What would be the correct Xpath query to use to fetch data from Wikipedia into Google Sheets?

Here is an example I would like to test this with:

Wikipedia page: http://en.wikipedia.org/wiki/12_Angry_Men_(1957_film)

Data to pull: the "running time" value of "96 minutes" located in the right hand side table

Method: using the Google Sheets ImportXML function

I've tried the following, but it returns N/A:

=IMPORTXML("http://en.wikipedia.org/wiki/12_Angry_Men_(1957_film)", "//div[normalize-space() = 'Running time']/following-sibling::td")

Thanks!

Steve
  • 331
  • 1
  • 6
  • 14

1 Answers1

0

There are a couple of problems with your XPath.

The following-sibling axis won't work on the markup of that page because the td following the 'Running time' div is a sibling of its parent th.
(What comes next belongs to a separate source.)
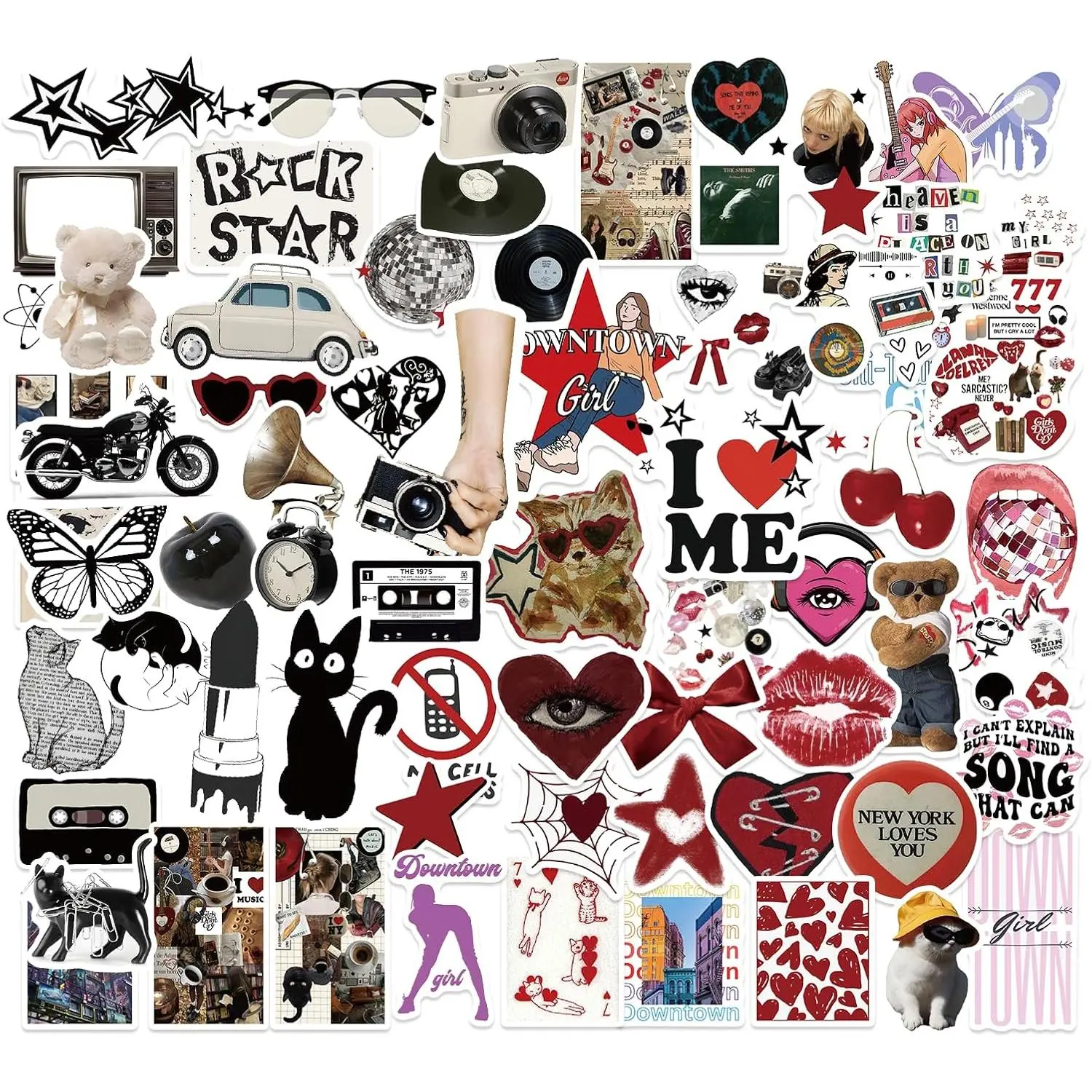 F-PCS10  170PCS Y2K Grunge Stickers, Aesthetic Downtown Girls Pack Cool Trendy 2000s for Water Bottle Funny Waterproof Stickers for Teens Adults Vinyl for Laptop Skateboard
Instead, use the following axis with a node type selector: following::td. However, that still returns all td nodes after the selected div, so additionally we need a predicate to select only the first node: [1].

Complete function with XPath:

=IMPORTXML("http://en.wikipedia.org/wiki/12_Angry_Men_%281957_film%29", "//div[normalize-space()='Running time']/following::td[1]")
dartonw
  • 300
  • 1
  • 6